These images do ably demonstrate however that with a point and click underwater capable camera, even within the limitations of snorkelling, it’s possible to discover a little of life on a coral reef.
An opportunity to spend and hour exploring the Mesoamerican Barrier Reef, the second largest coral reef on the planet provided a few Cousteau moments. It stretches over 600 miles from the Yucatán Peninsula to the islands of Honduras. Also known as the Great Mayan Reef, only the Great Barrier Reef surpasses it in size. It encompasses several protected areas and parks including the Belize Barrier Reef, Arrecifes de Cozumel National Park, Hol Chan Marine Reserve, Sian Ka’an biosphere reserve, and the Cayos Cochinos Marine Park.

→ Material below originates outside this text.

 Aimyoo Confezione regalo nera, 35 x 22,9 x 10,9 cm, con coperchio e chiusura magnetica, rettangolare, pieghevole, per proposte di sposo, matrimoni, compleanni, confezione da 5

I have been fortunate enough to dive on the Belizean stretch of the reef some years ago but recently have enjoyed the freedom that snorkelling provides. Drifting along on the current watching the colourful fish dart and dance between the razor-sharp branch corals, finning is often not even required. Occasionally grabbing a huge breath to dive beneath the surface, skimming just above the rock like brain corals to momentarily swim with the denizens of the reef; this is freedom.
Snorkelling provides freedom of movement which is beyond even diving with equipment. There are obvious benefits to sub-aqua diving including the opportunity to visit the deep beyond the reach of the snorkeler and to stay under for longer. There are limitations however the bubbles are unnatural disturbing timid fish, even sharks aren’t keen and divers need to ascend slowly, controlling their decompression. It is even necessary to allow enough time, usually 24 hours before flying after a dive.
Snorkelling does not have any of these restrictions. and with practice it is possible to extend how long we can hold our breath. Free-divers can spend amazingly long periods of time underwater.
The waters off the Riviera Maya, Mexico are extremely clear providing exceptional visibility, they are also comfortably warm and ideal for snorkelling. There isn’t a need for a wetsuit and an hour or more passes without even being noticed. The reef is one of the finest diving and snorkelling destinations in the world and is accessible with a relatively short boat ride from shore.
The reef is home to more than 600 species of coral and 500 species of fish as well as several species of turtle, dolphin and even the largest fish of them all; the whale shark. On this day we were not fortunate enough to see any such of these spectacular migrants but the vast variety of colourful fish wearing all manner of vibrant uniform offer a stunning display of their own.
Large shoals of darting, silver and gold coloured bullets zoom around the colonies of polyps searching for a meal and seeking the safety that numbers offer from predators. Iridescent bream forage, garish wrasse cloaked in a multitude of hues hunt while camouflaged flatfish or rays lie in ambush beneath the sand. The reef is a dangerous fine dining restaurant for fish. It is a dazzling, shimmering rainbow of underwater colour, where the nature’s palette has been given free range to paint it’s masterpiece.
It is possible to enjoy the wonders of the reef on a television screen or within the pages of a book but snorkelling brings it closer to us all. Equipment is minimal, some fins, a mask and snorkel are all that’s needed and the ability to swim is the only skill necessary. The Great Mayan Reef is a particularly great snorkelling destination but opportunities to witness the undersea world are many, most warm locations and numerous cold-water ones are surprisingly spectacular.
In Cuba it is even possible to snorkel in the infamous Bay of Pigs, if that doesn’t stir the imagination, check your pulse!